User:Tpt/djvuocr.py

From Wikimedia Commons, the free media repository
Jump to navigation Jump to search

This script for pywikipedia and GNU/Linux do the OCR of a djvu file by adding a text layer. It is completely automatized : it download the file, do the OCR and upload the new version. It use Tesseract 3.00 and, if you use an other language than English the corresponding language pack (they are in all good repositories like Debian, Ubuntu or Fedora).

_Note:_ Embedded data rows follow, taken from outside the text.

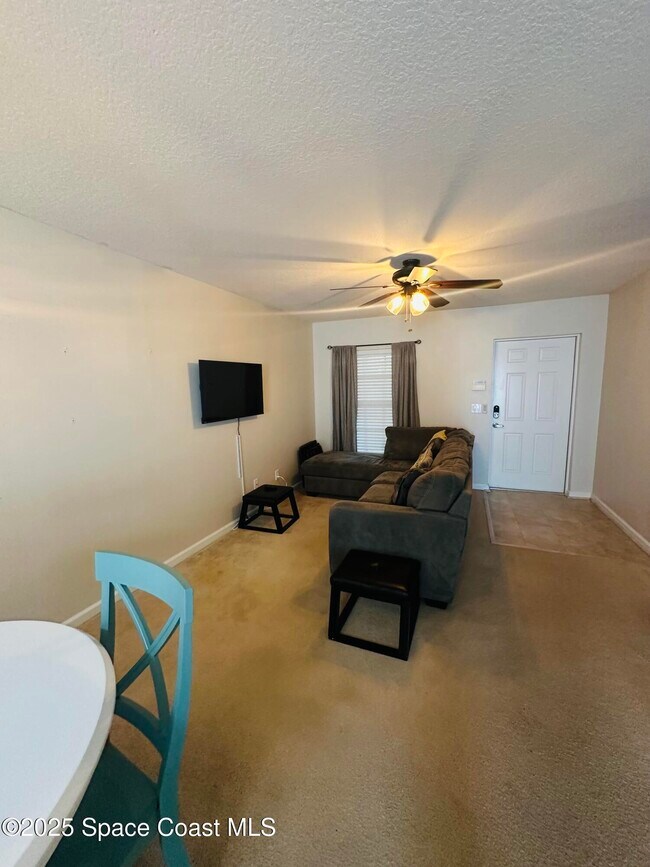 Building Photo - 890 Luminary Cir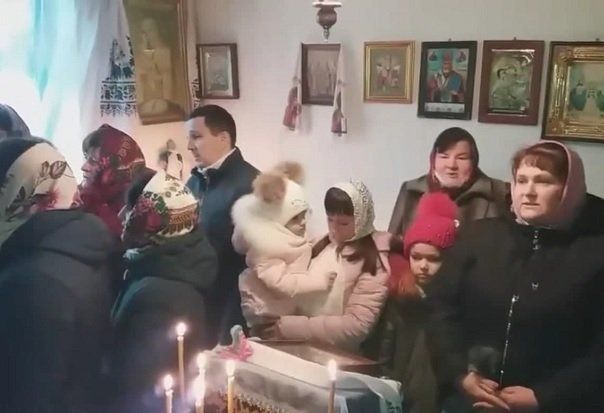 Приход села Перевалы на богослужении в арендованном помещении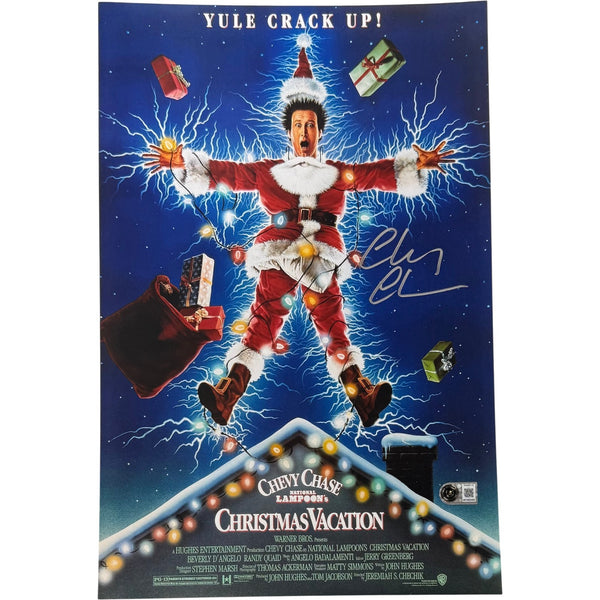 Chevy Chase Autographed Christmas Vacation 11x17 Photo Beckett Witness 57956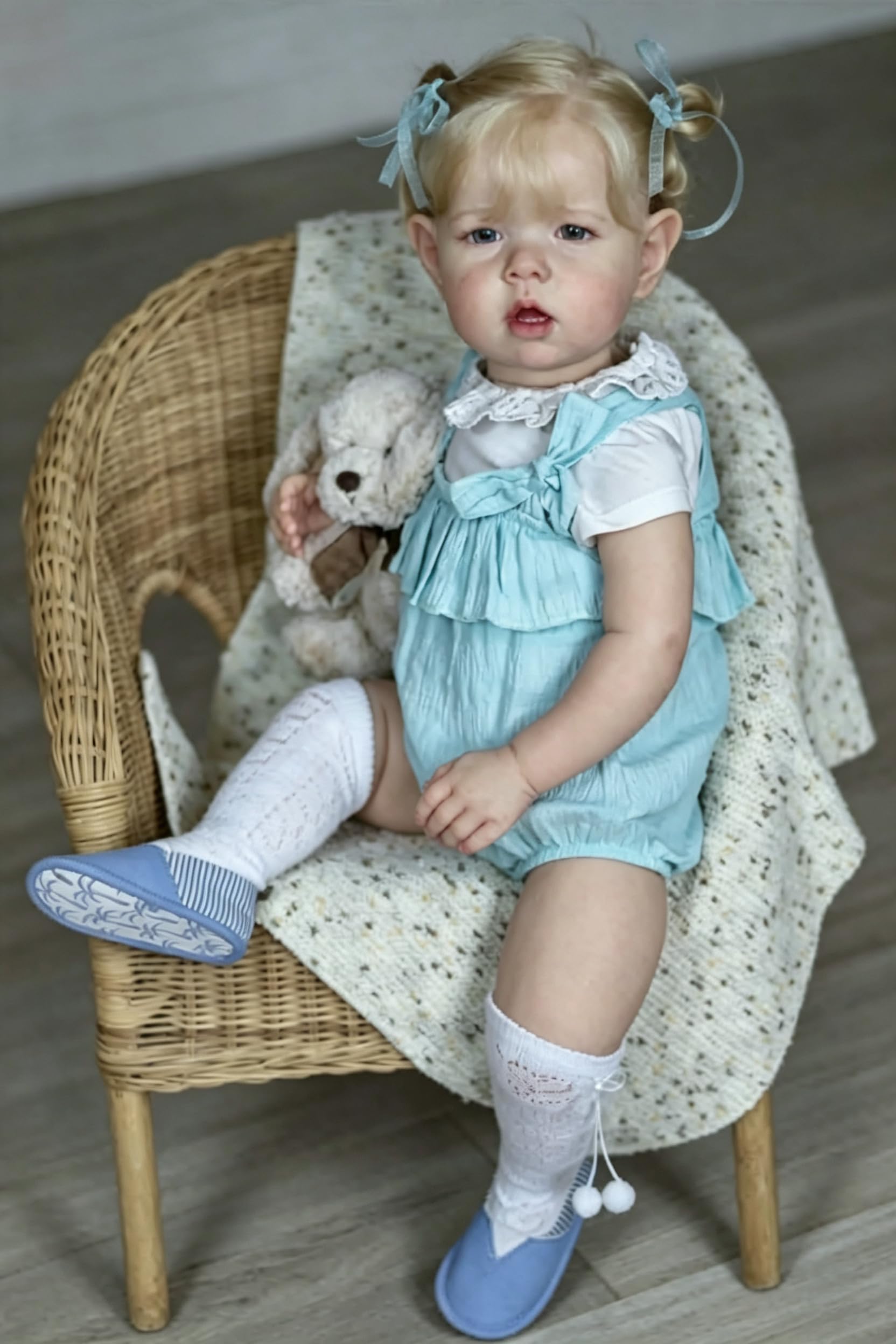Realistische Reborn Kleinkind Puppen Liam, 28 Zoll Weiches Silikon Stoffkörper Lebensechte Neugeborenen Sammlerpuppen Mädchen für Kinder ab 3 Jahren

Sample : python djvuocr.py -filelang:fra -djvu:"Name of the djvu.djvu"

djvuocr.py[edit]

#!/usr/bin/python
# -*- coding: utf-8  -*-
"""
This bot do the ocr of a djvu file.  It is intended to be used for Commons.

The following parameters are supported:

    -djvu:...      Name of the djvu file on commons
    -filelang:...  The lang of the text like eng of fra
                   (Default: eng)
"""
#
# (C) Pywikipedia bot team, 2008-2010
#
# Distributed under the terms of the MIT license.
#
__version__ = '$Id: djvuocr.py 9246 2011-07-29 15:42:46Z xqt $'
import wikipedia as pywikibot
import os, sys, urllib
import config, codecs, query

class AppURLopener(urllib.FancyURLopener):
    version = 'Pywikipediabot/1.0'
urllib._urlopener = AppURLopener()

# This is required for the text that is shown when you run this script
# with the parameter -help.
docuReplacements = {
}


class DjVuOCRBot:
    # Edit summary message that should be used.
    # NOTE: Put a good description here, and add translations, if possible!
    msg = {
        'en': u'Robot: OCR of the file with Tesseract',
        'fr': u'Bot: OCR du fichier avec Tesseract',
    }

    def __init__(self, djvu, filelang='eng', ask=False, debug=False):
        """
        Constructor. Parameters:
        djvu : filename
        """
        self.djvu = djvu
        self.dry = debug
        self.ask = ask
        self.filelang = filelang
        self.targetSite = pywikibot.getSite()

    def NoOfImages(self):
        cmd = u"djvused -e 'n' \"/tmp/%s\"" % (self.djvu)
        count = os.popen( cmd.encode(sys.stdout.encoding) ).readline().rstrip()
        count = int(count)
        pywikibot.output("page count = %d" % count)
        return count

    def PagesGenerator(self):
        start = 1
        end = self.NoOfImages()

        if self.pages:
            pos = self.pages.find('-')
            if pos != -1:
                start = int(self.pages[:pos])
                if pos < len(self.pages)-1:
                    end = int(self.pages[pos+1:])
            else:
                start = int(self.pages)
                end = start
        pywikibot.output(u"Processing pages %d-%d" % (start, end))
        return range(start, end+1)

    def run(self):
        self.djvu = self.djvu.replace(' ', '_')
        if self.djvu[len(self.djvu) - 5 : len(self.djvu)] != '.djvu':
            pywikibot.output("It isn't a djvu file")
            return

        #download the djvu
        djvuPage = pywikibot.ImagePage(self.targetSite, 'File:%s' % self.djvu)
        if not djvuPage:
            pywikibot.output("The djvu file can't be downloaded")
            return
        pywikibot.output('Download of the djvu file')
        try:
            urllib.urlretrieve(djvuPage.fileUrl(), '/tmp/' + self.djvu)
        except:
            pywikibot.output("The djvu file can't be downloaded")
            return
        os.stat('/tmp/' + self.djvu)

        #OCR
        pywikibot.output(u"OCRing text from %s" % (self.djvu) )
        num_pages = self.NoOfImages()
        pageno = 1
        while pageno <= num_pages:
            pywikibot.output("Processing page %d" % pageno)
            self.ocr_page(pageno)
            pageno += 1

        #upload
        f = codecs.open("/tmp/%s" % self.djvu, 'r')
        self.upload(f.read())
        f.close()

        os.remove(u"/tmp/%s" % self.djvu)
        os.remove(u"/tmp/%s.txt" % self.djvu)
        os.remove(u"/tmp/%s.tiff" % self.djvu)
        os.remove(u"/tmp/%s.djvu-txt" % self.djvu)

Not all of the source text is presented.